Summary and conclusions

The kid looked up. "Is that it?"

It's something I keep asking myself.

Bob Geldof, Is that It?, 1986.

Following a brief summary of the work presented, the contribution to the field and the general conclusions are itemised. The final section presents areas of future research which stem from the work.

The fundamental limitations of the use of indices and space partitioning methods for reducing the workload of large MIS range queries have been shown. However, under conditions where indices are totally inappropriate, it has been shown that space partitioning may still be both beneficial and feasible.

There are, of course, limitations to the degree of partitioning in each of the dimensions; these are highlighted by a discussion of two representative multi-dimensional partitioning methods, namely the MDD file structure of Liou and Yao [LIOU77] and the Grid File [NIEV84]. It has been shown that the Grid File and related structures are not in themselves solutions to the problems being addressed, viz. how to minimise the MIS workload, and the determination of a suitable number of partitions in each dimension.

Analysis of Liou and Yao's heuristic method [LIOU77] of determination of the number of partitions (for point queries) in each dimension of a multi-column partitioned file has shown that the method is flawed, and an improved one is given in appendix 1.

Assumptions and limitations of current data partitioning and placement in shared-nothing multi-processor database machines have been discussed.
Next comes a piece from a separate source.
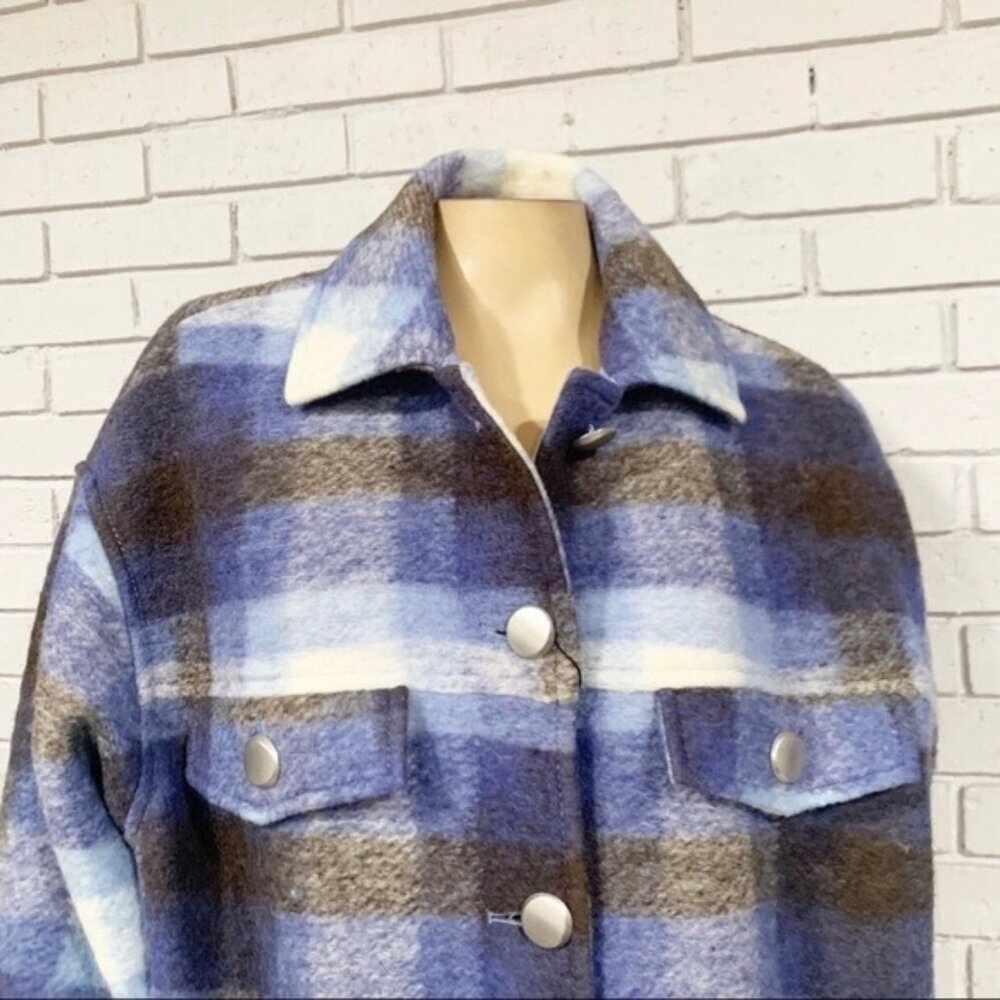 Zara Premium Plaid Overshirt‎ (Shacket) – Size Large – Oversized Layering Jacket - Picture 3 of 4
A simple yet effective allocation strategy for the OLTP/MIS problem (as far as it relates to applications similar to the one used as a basis for the work) has been given, namely, the derivation of OLTP partitions based on the primary key (or fragments of it which do not contain any semantic information). Given that the OLTP transactions are a random event, the problem of load balancing for these transactions does not arise. Within each OLTP partition data is further partitioned in order to aid MIS queries by reducing the search space. If there is just a single storage disc for each of the OLTP partitions, then the assignment of MIS sub-partitions to disc is trivial i.e. they must all be placed on the disc associated with the OLTP partition. If there is more than one disc for each OLTP partition, then a strategy of round-robin (or other random) placement of the data from these MIS partitions onto the disc partitions guarantees load balancing of MIS queries within and across all OLTP partitions (cf. earlier work which suggested that for each OLTP partition, MIS sub-partitions could be placed on different discs [PEAR91, UNWA92]).

A new formula defining the number of partitions accessed by range queries in a single dimension when the number of partitions is small has been derived. Comparisons have been made with the formula defining the number of pages accessed by range queries in range partitioned files [EAST87]. The formulae are shown to produce converging results as the number of partitions increases. Eastman's formula implies that the size of a query does not affect the scan time reduction which can be obtained by increasing the number of partitions, whereas an equation can be derived from the new formula which explicitly states that the size of a query affects the scan time reduction that can be made by increasing the number of partitions. (The reader should note that the formula presented by Eastman [EAST87] is in no way being criticised, since it was derived under a totally different set of assumptions to that for the formulae derived in this thesis).

A model relating MIS savings due to partitioning and the resultant costs to OLTP from the partitioning has been presented which shows how to determine the columns to partition, and to what level. Both single and multi-column partitioning have been considered. A worked example has been given which shows the feasibility of the method.

The contribution of this work is itemised (in note form).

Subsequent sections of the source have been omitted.